If all goes according to plan, three Red Hook street corners will be renamed in honor of neighborhood firefighters killed on September 11.

Members of Community Board 6’s Transportation Committee approved requests to have the intersection of Richards and Seabring streets near Engine Company 202 and Ladder Company 101 renamed to “Seven in Heaven Street.” Requests were also approved to rename the corner of Lorraine and Smith streets “Henderson-Regenhard Way” in honor of two firefighters who were assigned Engine Company 279 and Ladder Company 131 on the fateful Tuesday when they were called to respond to the Twin Towers collapsing to the ground.

Residents also filed a petition to rename the corner of Lorraine Street and Hamilton Avenue — just down the block — to “Red Hook Heroes Run” in honor of the five firefighters from Engine Company 279 and Ladder Company 131 killed, the “Red Hook Happy Hookers Hook and Ladder.”

Petitioner Josefina Sanfeliu, who stood proudly with a retired firefighter and a young firefighter assigned to a Red Hook firehouse as she made her request, said that Firefighter Ronnie Lee Henderson and Christian Regenhard were floater firefighters who were assigned to Engine Company 279 that week.

Neither one of them has a street renamed for them in the city, she said.

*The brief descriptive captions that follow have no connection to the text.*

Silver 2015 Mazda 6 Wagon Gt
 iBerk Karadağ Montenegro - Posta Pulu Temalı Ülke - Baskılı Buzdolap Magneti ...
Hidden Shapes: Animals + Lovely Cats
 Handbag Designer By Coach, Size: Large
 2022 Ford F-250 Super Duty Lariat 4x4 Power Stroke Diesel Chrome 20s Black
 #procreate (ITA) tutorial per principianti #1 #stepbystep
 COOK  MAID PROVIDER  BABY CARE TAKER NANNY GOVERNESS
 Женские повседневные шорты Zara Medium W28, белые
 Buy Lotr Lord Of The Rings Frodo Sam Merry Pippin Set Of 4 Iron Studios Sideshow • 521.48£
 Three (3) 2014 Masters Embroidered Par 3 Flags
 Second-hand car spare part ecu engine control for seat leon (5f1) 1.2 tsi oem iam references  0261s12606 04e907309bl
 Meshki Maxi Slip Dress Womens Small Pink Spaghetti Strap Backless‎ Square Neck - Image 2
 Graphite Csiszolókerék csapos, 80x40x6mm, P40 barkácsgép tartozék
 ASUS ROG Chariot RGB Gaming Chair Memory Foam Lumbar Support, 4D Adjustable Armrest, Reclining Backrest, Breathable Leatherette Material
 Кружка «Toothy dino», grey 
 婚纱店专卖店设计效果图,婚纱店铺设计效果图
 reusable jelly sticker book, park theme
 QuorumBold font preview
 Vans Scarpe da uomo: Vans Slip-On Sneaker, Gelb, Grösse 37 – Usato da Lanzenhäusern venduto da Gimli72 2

“The world knows little of these two firefighters. Beyond this Gowanus firehouse two names have no public marker and this must change,” Sanfeliu wrote in her petition. “As they chose to be NYC firefighters, they also chose to run into collapsing chaos, risking and losing their lives for people they knew not, but who needed to know them.”

The committee overwhelmingly approved the symbolic street changes.

It also approved applications to co-name the corner of Carroll and Henry streets “Mary D’Angelo’s Corner” in honor of a longtime crossing guard who helped children get to Sacred Hearts and St. Stephens School, and Third Avenue between 10th and 11th streets “Arthur P. Espositio Way” in the memory of a beloved neighborhood resident and doorman who was killed in Manhattan two years ago.

Esposito’s mother Cookie was on hand with a heart-felt plea to the committee to have the street he grew up on named after him.

“If you knew him, you would have loved him,” she said of the John Jay High School graduate. “He saw the best in everyone. He was my hero.”